A review in The Observer said that your 1998 production of Antigone in Ireland “eschewed topicality.” Do you have any use for topicality in the theater?


It absolutely has a place on the stage. I also love the idea that theater could possibly not be topical yet be very political at the same time. I think that only a bad work of art tells you that there’s nothing wrong with the way you see the world. A proper work of art, like van Gogh, says, “Do you really think a sunflower looks like that?” A proper work of art always seeks to change your perception, which is a political idea. Even a good still life is political. I was talking about this with [director] Peter Brook. Sometimes it’s useful in Shakespeare to make direct political connections. In Othello, a Muslim invasion is threatened, the only general who can save them is black, so there we are. Of course, it’s incredibly political. It’s not, you know — Othello is not Colin Powell. It works on so many different levels, it’s about men and women, it’s about God, it’s about the great themes of life digested effortlessly into a human story.

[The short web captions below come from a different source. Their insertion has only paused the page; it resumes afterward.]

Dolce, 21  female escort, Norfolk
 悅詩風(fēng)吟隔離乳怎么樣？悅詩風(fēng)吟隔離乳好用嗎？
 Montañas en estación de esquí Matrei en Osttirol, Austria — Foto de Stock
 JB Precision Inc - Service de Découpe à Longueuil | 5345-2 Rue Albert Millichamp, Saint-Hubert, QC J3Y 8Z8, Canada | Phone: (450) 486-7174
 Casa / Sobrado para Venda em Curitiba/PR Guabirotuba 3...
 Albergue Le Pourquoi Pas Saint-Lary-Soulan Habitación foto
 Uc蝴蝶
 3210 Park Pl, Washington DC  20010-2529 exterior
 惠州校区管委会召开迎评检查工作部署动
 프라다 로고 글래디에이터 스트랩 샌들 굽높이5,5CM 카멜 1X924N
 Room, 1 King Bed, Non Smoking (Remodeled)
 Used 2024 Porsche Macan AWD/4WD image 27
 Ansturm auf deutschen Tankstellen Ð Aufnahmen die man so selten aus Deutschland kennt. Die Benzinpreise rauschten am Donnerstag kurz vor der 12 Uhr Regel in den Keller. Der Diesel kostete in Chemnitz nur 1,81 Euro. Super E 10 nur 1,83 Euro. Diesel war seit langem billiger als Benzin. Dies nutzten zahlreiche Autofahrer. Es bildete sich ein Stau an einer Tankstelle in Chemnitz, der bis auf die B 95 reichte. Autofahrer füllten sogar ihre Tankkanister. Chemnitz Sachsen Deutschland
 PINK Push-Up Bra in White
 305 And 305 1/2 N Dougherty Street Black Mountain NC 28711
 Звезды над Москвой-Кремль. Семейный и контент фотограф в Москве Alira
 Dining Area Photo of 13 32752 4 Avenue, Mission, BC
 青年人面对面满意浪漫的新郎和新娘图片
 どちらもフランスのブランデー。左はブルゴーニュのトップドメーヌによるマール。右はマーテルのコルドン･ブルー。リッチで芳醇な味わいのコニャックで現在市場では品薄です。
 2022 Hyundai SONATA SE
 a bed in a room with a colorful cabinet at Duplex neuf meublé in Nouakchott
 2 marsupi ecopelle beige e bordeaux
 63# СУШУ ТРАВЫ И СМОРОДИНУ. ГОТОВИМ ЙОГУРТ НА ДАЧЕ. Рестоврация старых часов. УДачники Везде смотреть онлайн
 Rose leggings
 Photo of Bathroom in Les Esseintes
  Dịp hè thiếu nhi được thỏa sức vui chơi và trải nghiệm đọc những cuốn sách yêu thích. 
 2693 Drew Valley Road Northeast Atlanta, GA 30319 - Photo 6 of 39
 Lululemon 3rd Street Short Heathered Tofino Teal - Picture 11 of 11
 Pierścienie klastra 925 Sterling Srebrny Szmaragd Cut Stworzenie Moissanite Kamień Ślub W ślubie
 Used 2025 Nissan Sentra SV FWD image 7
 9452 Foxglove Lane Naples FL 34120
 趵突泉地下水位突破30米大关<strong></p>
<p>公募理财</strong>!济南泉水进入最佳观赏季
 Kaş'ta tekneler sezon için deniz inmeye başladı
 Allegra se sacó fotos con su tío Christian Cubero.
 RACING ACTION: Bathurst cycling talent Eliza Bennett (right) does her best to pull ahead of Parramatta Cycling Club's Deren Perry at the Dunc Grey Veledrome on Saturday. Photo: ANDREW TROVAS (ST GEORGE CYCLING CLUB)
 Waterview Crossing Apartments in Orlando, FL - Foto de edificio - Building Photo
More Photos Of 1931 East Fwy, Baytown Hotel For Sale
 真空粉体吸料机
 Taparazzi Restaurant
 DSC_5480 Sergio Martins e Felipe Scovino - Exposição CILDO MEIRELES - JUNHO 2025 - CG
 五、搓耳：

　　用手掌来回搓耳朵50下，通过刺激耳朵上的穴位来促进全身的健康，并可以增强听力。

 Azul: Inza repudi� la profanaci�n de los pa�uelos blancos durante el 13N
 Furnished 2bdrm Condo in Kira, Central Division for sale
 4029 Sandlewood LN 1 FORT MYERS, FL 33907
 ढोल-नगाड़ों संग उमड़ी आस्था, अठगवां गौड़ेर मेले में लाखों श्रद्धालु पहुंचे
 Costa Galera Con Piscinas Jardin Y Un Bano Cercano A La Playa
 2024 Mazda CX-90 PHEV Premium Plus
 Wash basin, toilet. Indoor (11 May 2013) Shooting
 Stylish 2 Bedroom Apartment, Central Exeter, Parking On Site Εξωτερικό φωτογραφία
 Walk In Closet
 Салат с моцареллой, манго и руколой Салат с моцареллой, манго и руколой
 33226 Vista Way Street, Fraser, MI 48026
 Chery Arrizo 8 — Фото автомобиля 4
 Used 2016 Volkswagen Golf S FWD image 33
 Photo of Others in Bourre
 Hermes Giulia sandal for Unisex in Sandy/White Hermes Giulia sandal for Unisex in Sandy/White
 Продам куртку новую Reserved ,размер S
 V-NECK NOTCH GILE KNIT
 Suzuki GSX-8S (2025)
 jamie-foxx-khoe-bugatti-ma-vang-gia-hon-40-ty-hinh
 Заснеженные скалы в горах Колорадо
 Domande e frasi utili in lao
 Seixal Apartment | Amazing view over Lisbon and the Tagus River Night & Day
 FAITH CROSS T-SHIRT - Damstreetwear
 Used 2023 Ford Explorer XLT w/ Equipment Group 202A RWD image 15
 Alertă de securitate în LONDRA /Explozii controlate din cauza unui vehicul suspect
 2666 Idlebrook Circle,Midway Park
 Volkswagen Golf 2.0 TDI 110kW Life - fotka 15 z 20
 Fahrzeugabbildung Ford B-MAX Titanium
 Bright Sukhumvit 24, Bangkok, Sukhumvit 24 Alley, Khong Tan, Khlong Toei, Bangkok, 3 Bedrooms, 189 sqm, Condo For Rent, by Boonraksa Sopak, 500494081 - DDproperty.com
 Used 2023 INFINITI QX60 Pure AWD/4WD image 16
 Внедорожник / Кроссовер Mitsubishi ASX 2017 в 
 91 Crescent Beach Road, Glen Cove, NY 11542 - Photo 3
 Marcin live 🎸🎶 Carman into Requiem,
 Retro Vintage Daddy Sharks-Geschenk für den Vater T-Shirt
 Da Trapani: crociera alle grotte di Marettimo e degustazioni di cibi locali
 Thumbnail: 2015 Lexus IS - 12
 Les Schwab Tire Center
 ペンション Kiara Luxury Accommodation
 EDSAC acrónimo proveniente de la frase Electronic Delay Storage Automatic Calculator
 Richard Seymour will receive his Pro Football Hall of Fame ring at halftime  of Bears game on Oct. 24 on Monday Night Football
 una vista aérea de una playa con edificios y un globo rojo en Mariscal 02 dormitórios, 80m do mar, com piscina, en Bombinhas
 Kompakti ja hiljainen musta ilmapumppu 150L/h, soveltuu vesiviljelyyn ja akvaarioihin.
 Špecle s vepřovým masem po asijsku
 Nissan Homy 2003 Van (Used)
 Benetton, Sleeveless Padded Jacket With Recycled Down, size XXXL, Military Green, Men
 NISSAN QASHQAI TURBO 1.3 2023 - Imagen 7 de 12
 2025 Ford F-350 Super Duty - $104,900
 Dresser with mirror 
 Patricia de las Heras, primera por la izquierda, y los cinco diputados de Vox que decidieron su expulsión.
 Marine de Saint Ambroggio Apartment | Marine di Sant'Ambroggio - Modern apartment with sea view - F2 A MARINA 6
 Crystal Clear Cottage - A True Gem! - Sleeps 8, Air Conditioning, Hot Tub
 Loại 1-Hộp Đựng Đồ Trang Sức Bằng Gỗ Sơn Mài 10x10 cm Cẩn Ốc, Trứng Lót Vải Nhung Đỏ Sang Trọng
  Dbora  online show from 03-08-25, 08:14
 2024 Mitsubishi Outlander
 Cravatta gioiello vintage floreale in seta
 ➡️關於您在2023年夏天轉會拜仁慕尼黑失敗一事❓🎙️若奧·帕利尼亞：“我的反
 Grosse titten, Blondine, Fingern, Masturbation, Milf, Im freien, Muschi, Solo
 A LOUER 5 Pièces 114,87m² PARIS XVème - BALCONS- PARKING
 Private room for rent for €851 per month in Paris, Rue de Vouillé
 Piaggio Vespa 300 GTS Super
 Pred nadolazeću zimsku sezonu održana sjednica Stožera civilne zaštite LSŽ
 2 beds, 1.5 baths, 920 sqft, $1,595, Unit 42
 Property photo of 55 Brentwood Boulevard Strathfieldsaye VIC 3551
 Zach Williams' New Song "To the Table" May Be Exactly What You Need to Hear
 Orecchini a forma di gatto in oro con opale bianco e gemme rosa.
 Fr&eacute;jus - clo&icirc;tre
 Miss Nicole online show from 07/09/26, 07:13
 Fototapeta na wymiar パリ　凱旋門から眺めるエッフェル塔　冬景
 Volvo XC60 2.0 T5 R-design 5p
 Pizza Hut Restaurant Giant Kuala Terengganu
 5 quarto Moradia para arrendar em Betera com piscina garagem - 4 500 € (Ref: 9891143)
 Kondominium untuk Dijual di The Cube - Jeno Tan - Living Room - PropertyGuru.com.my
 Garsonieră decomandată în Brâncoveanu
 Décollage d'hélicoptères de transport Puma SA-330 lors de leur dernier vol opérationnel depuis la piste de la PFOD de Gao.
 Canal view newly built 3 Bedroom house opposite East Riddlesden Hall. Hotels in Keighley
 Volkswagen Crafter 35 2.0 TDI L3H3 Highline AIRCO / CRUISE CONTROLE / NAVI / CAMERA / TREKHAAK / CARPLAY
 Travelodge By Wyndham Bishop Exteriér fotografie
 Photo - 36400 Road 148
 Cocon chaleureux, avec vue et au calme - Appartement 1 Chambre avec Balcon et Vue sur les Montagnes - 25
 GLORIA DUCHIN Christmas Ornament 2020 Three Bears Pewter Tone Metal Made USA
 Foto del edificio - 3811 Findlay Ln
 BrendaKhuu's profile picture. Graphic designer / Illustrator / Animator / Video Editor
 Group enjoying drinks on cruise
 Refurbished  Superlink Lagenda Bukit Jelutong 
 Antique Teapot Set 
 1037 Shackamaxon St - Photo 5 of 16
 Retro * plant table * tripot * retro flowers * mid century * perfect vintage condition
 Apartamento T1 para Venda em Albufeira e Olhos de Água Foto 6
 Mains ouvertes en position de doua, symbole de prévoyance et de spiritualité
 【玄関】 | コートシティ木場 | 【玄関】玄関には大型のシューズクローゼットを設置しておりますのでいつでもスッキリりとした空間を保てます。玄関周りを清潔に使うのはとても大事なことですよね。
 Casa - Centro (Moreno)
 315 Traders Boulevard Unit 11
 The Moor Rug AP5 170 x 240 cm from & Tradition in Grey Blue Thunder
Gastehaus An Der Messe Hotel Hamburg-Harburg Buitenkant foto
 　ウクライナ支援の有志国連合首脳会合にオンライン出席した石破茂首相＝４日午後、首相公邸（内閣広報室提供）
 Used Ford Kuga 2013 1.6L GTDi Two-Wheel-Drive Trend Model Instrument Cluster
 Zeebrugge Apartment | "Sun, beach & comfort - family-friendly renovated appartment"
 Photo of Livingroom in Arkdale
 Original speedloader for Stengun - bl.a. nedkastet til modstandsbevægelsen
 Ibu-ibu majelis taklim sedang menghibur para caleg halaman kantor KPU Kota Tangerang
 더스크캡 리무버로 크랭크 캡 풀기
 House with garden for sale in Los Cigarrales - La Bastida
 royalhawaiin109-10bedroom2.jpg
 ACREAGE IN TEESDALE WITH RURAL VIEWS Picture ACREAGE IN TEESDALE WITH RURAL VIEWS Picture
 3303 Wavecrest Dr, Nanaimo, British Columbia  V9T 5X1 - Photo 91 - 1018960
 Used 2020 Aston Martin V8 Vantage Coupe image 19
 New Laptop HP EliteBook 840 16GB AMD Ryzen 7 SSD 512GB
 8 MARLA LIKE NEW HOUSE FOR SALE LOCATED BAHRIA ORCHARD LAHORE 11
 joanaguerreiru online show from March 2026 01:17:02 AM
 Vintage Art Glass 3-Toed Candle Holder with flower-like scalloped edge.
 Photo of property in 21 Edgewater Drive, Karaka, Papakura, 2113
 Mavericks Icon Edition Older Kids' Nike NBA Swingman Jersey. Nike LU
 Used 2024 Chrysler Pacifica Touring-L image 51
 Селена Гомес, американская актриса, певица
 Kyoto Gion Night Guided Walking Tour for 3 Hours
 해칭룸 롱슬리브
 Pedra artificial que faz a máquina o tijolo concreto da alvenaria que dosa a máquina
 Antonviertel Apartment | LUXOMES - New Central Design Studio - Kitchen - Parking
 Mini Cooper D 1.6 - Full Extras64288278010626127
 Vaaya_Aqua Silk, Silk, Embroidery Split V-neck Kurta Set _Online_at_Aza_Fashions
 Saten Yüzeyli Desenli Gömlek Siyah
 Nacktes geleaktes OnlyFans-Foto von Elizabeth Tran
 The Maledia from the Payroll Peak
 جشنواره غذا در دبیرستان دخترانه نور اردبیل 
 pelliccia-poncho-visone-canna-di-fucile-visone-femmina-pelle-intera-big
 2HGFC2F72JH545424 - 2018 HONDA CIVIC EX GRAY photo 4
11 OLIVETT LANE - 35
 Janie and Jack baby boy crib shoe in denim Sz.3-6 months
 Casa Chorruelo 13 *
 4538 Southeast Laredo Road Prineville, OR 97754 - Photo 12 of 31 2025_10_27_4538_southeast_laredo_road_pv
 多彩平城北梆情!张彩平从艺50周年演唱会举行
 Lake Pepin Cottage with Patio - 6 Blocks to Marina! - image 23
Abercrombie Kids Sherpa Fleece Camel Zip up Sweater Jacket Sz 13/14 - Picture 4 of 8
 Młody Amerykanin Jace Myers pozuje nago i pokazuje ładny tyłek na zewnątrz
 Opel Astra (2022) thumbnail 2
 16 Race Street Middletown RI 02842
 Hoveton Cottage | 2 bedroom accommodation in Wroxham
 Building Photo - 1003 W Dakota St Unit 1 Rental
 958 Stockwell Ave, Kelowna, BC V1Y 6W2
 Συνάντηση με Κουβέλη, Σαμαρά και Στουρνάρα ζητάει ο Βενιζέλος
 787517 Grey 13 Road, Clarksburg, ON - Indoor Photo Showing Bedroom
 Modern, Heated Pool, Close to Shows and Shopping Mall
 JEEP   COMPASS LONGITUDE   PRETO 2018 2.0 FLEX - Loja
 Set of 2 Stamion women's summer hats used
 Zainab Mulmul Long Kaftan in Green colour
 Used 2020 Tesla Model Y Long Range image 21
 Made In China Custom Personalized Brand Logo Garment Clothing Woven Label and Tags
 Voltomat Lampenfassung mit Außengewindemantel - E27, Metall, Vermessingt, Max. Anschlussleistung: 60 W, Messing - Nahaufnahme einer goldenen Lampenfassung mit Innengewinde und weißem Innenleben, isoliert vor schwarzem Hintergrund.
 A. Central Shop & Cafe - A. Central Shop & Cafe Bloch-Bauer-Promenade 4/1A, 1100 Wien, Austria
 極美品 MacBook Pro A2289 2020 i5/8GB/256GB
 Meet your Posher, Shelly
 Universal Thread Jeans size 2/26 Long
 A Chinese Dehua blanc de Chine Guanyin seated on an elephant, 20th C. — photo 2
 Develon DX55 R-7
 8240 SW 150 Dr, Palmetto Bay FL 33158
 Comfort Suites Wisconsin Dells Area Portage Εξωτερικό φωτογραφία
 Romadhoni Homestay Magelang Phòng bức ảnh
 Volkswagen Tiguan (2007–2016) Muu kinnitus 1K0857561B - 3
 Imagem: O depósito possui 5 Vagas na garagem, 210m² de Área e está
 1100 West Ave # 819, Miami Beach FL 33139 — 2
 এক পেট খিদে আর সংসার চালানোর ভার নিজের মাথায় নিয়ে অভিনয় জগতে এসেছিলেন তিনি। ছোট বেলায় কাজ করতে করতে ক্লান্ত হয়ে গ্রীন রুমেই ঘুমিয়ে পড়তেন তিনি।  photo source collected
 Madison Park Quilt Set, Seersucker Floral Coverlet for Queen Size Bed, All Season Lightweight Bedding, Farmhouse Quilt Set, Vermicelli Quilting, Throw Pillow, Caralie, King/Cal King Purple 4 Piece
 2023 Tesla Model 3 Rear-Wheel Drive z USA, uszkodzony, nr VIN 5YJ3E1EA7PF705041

And do audiences apply topicality where you didn’t intend it?


When we did The Tempest in England, everybody said it was about Thatcher; in Romania, they said it was about [the wife of] Ceausescu.


The [Samuel] Beckett Estate is adamant about the primacy of the late playwright’s words in productions of his plays. With your focus on the actors, how would you approach a play by Beckett?


First we should be very, very scared of fundamentalists. Christ very clearly said, follow the spirit of the law and not the letter. And that goes through every spiritual system.


Anybody who is fundamentalist is not fundamental. It’s the spirit of the law that matters, not the letter of the law. That’s how it is with a play. You can, of course, follow the letter and completely deny the spirit. Why should a writer be the best judge of their own work, anyway? Great artists have the humility to know that they’re only a part of a process.


You’ve staged Romeo and Juliet with Russian dancers, The Winter’s Tale with Russian actors touring Britain with subtitles. How important is language to you, in the conveyance of meaning?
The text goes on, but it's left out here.